Butterfly Maiden
- Source:
- ukiyo-e.org
Description
Butterfly Maiden is a self-published [shin-hanga](/glossary/shin-hanga) woodblock print by Paul Jacoulet, the French-Japanese woodblock artist who lived nearly his entire life in Japan and brought a Parisian-trained eye to the traditional [ukiyo-e](/glossary/ukiyo-e) printmaking workshop. Jacoulet is unusual among shin-hanga printmakers in that he operated outside the publisher system entirely, financing his own editions and signing exclusive contracts with the master carvers and printers he trusted to realize his designs. The result is work of unusual technical density and finish, marked by mica grounds, lacquer-like blacks, blind-printed embossing, and metallic pigments that gave each impression an almost objet-d'art quality. Butterfly Maiden shows the artist's recurring fascination with theatrical and folkloric subjects, presenting a young woman in costume associated with the butterfly motif so important to Japanese and East Asian dance traditions. The composition channels Jacoulet's gift for portraiture: a steady, frontal figure rendered with crisp line, delicate flesh tones, and decorative patterning across the textile elements.
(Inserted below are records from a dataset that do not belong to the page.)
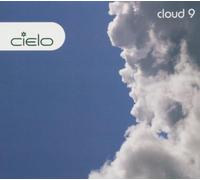 Nicolas Matar & Willie G - Cloud 9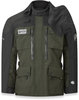 Belstaff Long Way Up Motorrad Textiljacke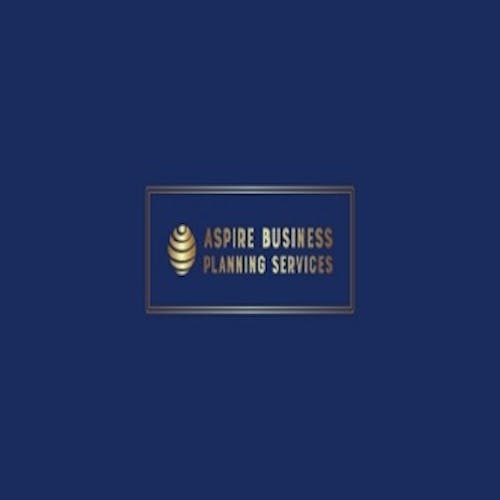 Aspire Business Planning Services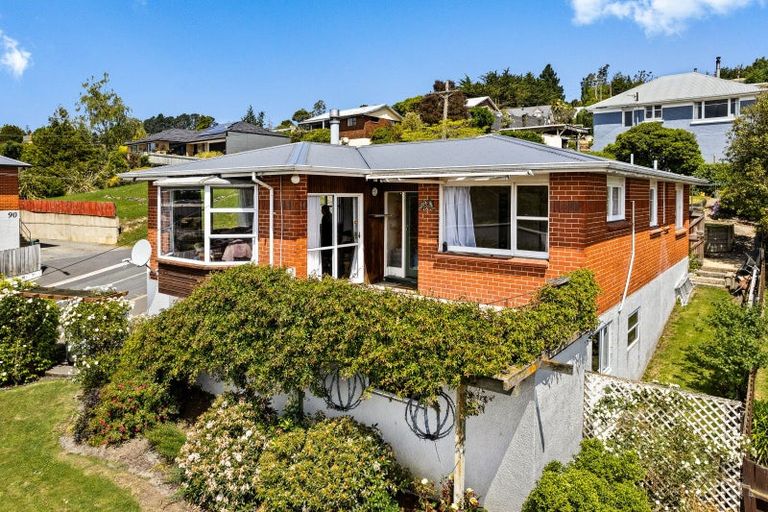 Photo of property in 90a Main South Road, Green Island, Dunedin, 9018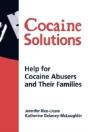 Cocaine Solutions - Preview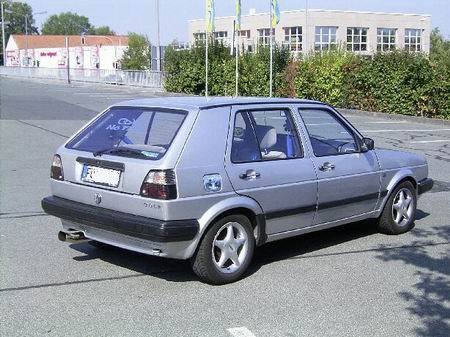 Name: VW-Golf_252.jpg Größe: 450x337 Dateigröße: 52425 Bytes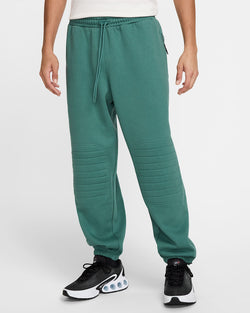 Image of Мъжки Панталон NIKE LFC MNSW TPTFWINTERPANTREPEL - Ballistic-sport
Cataloged on ukiyo-e.org from the Hack collection record, the print belongs to the broader body of single-figure beauty subjects that Jacoulet produced from his Tokyo studio between the 1930s and the late 1950s. Collectors prize Butterfly Maiden alongside his Micronesian, Korean, and Chinese portrait series as evidence of how a French-Japanese woodblock artist could synthesize Edo-period craft traditions with a distinctly twentieth-century, cosmopolitan sensibility. Surviving impressions usually carry Jacoulet's seal-style monogram and the cartouche of his self-published shin-hanga workshop, identifying them as part of his tightly controlled, limited-edition output.